A lot of processors will be forced to lift their prices to fill their share of the export quota which has already been reflected by increasing bull beef prices despite the rising exchange rate.
The real pressure will be on the margins of the processors rather than farmers this season I believe.
NZ beef is but a little piddle. Brazil/Uruguay have 280 million head and now exporting to the States and China, India has 310 million head, the USA is number five, Canada Mexico and the USA have 126 million head. Argentina is back exporting to the States. Now Russia is turning uphttp://www.globalmeatnews.com/Industry-Markets/Russia-s-meat-industry-w…

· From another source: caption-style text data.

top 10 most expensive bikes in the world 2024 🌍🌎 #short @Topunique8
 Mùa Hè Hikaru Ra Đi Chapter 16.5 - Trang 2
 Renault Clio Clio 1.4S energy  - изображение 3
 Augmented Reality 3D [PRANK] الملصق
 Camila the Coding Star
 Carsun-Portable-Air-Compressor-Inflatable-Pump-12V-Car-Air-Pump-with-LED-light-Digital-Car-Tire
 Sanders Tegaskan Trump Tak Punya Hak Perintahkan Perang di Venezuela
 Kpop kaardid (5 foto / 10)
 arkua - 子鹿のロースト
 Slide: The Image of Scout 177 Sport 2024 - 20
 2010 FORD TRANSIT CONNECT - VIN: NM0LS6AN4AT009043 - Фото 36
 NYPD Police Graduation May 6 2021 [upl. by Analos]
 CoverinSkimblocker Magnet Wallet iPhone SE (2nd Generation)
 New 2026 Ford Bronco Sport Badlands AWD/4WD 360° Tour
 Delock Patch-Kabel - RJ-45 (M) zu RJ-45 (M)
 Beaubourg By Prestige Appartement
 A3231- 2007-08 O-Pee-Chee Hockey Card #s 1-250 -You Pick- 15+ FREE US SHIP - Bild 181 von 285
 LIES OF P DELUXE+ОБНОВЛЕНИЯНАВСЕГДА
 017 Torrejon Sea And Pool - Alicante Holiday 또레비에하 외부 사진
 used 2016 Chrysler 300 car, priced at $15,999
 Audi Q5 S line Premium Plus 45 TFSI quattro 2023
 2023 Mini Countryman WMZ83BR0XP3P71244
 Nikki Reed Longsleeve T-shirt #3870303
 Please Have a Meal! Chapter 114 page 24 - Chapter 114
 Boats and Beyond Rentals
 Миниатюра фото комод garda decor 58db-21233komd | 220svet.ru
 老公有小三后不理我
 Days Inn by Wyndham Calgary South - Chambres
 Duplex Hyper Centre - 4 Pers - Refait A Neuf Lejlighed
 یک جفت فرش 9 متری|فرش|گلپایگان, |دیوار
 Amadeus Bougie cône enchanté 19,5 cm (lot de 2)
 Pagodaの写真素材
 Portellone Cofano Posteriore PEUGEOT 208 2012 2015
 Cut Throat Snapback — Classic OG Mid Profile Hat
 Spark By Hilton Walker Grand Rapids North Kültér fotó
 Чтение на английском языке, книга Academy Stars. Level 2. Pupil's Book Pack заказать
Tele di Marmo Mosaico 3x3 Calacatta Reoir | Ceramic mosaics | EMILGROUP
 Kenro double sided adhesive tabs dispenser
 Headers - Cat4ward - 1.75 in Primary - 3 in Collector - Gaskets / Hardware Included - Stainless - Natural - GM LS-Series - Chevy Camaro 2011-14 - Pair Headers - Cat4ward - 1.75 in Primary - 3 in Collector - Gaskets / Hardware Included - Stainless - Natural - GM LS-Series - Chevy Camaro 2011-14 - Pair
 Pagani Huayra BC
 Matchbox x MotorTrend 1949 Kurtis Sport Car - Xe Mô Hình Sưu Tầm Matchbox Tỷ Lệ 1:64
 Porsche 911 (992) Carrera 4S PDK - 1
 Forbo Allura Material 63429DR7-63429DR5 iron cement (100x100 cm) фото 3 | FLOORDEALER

Cash cattle prices, reaching the lowest level since 2012 this week, have dropped about $62/cwt in 23 months, the largest 2-year consecutive decline since the 1970s on a percentage basis. Live cattle futures have dropped almost $70 or 40.7% in the same time frame, just shy of the 1970s debacle. Of course there was a commodity price freeze in June 1973 that started that mess, so again, this break in cattle prices stands alone for its magnitude and its lack of an external market-moving event.
http://finviz.com/futures_charts.ashx?t=LC&p=m1
Aussie is worried
http://www.beefcentral.com/trade/august-beef-exports-show-dramatic-year…
Continuing losses in the live cattle contract are expressing the opinion that the move downward is not over. More volatility in futures prices was not surprising to those who barely blink when prices change dollars in minutes. Experienced traders see a capitulation feel to the market but few are ready to stake a bet on it.
Department of Amplification
A friend of ours called his local order buyer bright and early this week and conveyed the following message:
"i wanted to call you before you called me and tell you i won't be wanting or buying any cattle this week. Furthermore, I won't be ever buying any more cattle so please don't call and pester me. If I should call you in a few days and order some cattle, don't believe me and if you ship them, I won't pay for them. I am recording this message and will be archiving it for future use."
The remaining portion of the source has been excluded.